Económica y psicológicamente debilitados, ingleses y franceses tardaron
demasiado en hacer frente a Hitler. Pero esta es otra historia…
3
Todo lo anterior
formó parte del caldo de cultivo en el que Hitler y el nazismo surgieron y
comenzaron a crecer, hasta eventualmente convertirse en el principal partido
político de Alemania –aunque jamás ganaron una mayoría absoluta. Los otros
ingredientes, en cuarto y quinto lugar, fueron la crisis económica y la miopía
y torpeza de las fuerzas democráticas, así como de los estamentos
conservadores, ante el novedoso y en apariencia casi avasallante fenómeno
revolucionario nacionalsocialista y su carismático y hábil jefe.
Conviene señalar, sin
embargo, que luego de su fallido intento de golpe de Estado llevado a cabo en
Munich en 1923, y de su permanencia posterior de nueve meses en la cárcel, la
suerte de Hitler y su movimiento cambió sustancialmente y empeoró a lo largo de
varios años. A medida que las condiciones económicas y sociales mejoraban, y la
República de Weimar se estabilizaba, el radicalismo nacionalsocialista perdía
fuelle. Por desgracia para Alemania y para el mundo, la crisis de Wall Street
en 1929 y sus terribles consecuencias a escala mundial reabrieron las puertas a
Hitler. La inflación desatada y sus secuelas de empobrecimiento para la clase
media y miseria para los obreros y campesinos, dieron a Hitler el empujón que
requería para alcanzar finalmente el poder.
Pero esa meta no se habría logrado sin los errores políticos de sus adversarios. La dificultad que los políticos “normales” tienen para entender a tiempo la audacia sin límites de un verdadero revolucionario, se pusieron de manifiesto claramente con el caso de Hitler y el movimiento nazi. Ni siquiera los comunistas lograron comprender oportunamente la naturaleza y magnitud de la amenaza que con voracidad se cernía sobre ellos.
Dos reflexiones
vienen por último a cuento: De un lado, el rumbo de Hitler hacia el poder no
fue algo irresistible o predestinado.
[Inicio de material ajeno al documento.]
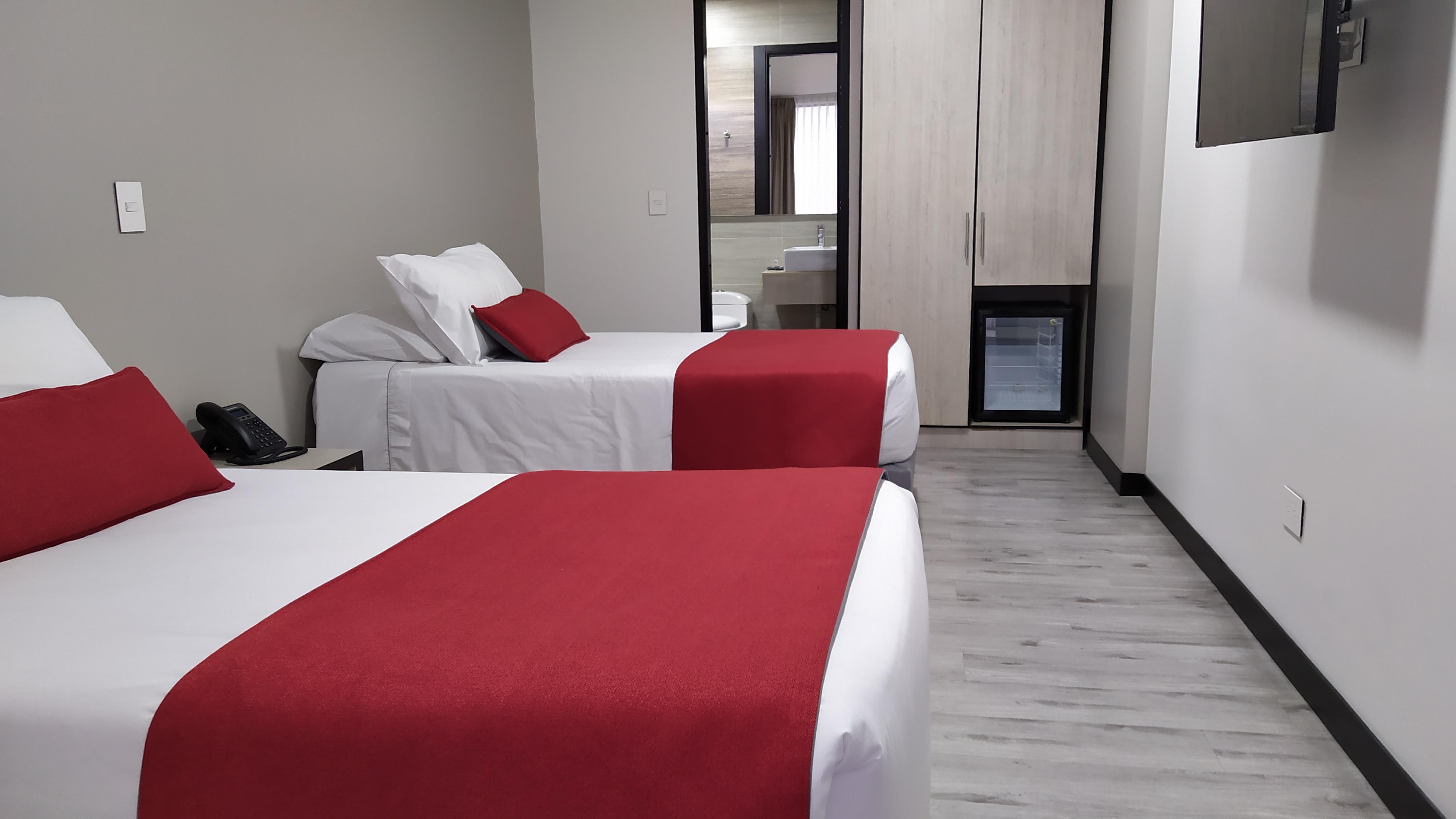 Hotel Wlh Silver Corferias Bogota Bagian luar foto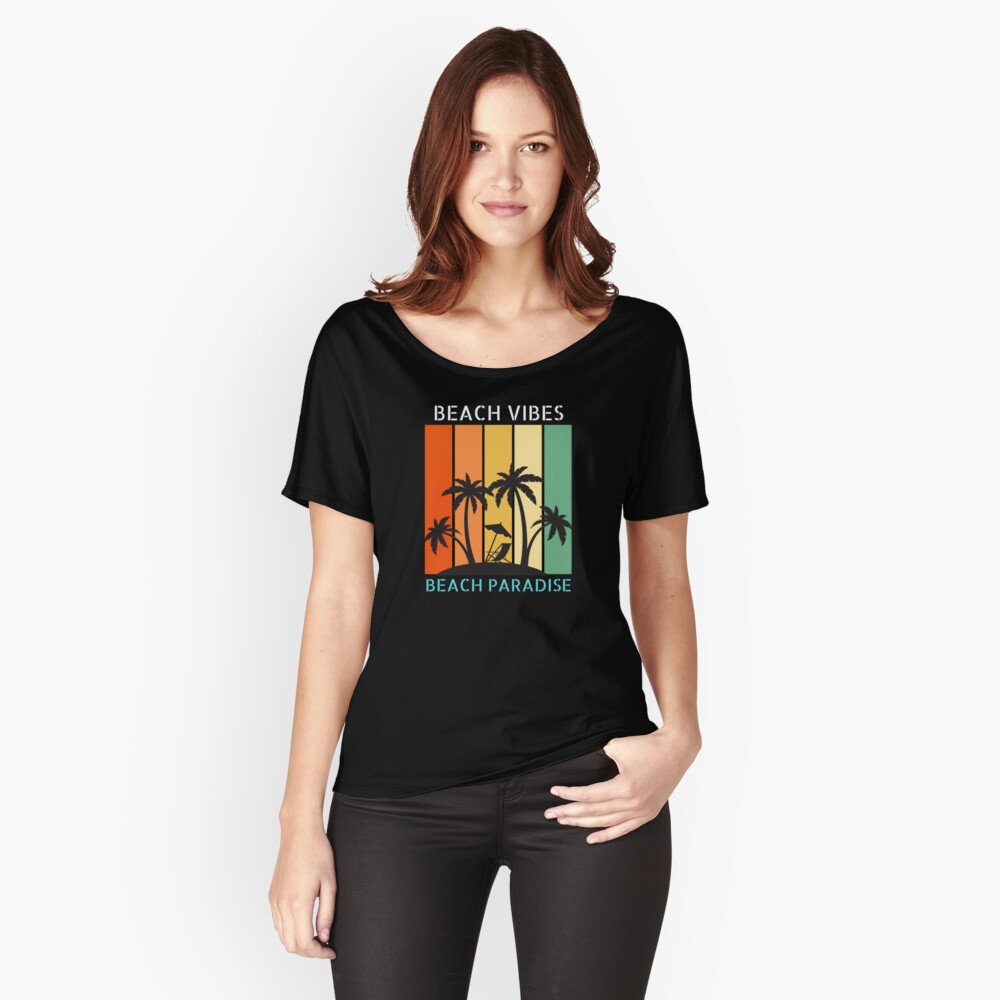 Aperçu de l'œuvre T-shirt coupe relax créée et vendue par merchbyzakariy.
Hubo vaivenes y retrocesos, y el contexto
socioeconómico, así como la ceguera política de otros, jugaron un papel clave.
De otro lado es necesario insistir sobre lo siguiente: a los políticos democráticos y a los electorados demócratas en general, les cuesta mucho trabajo enfrentar una política genuinamente revolucionaria, entendiendo por tal una política radical de objetivos ilimitados. Intentan usualmente contenerla mediante las técnicas aprendidas en tiempos distintos y marcos históricos diferentes. El resultado de ello es siempre el fracaso, pues por definición un revolucionario no transige. Solo cede ante una fuerza superior a la suya y generalmente lo hace para seguir luchando otro día.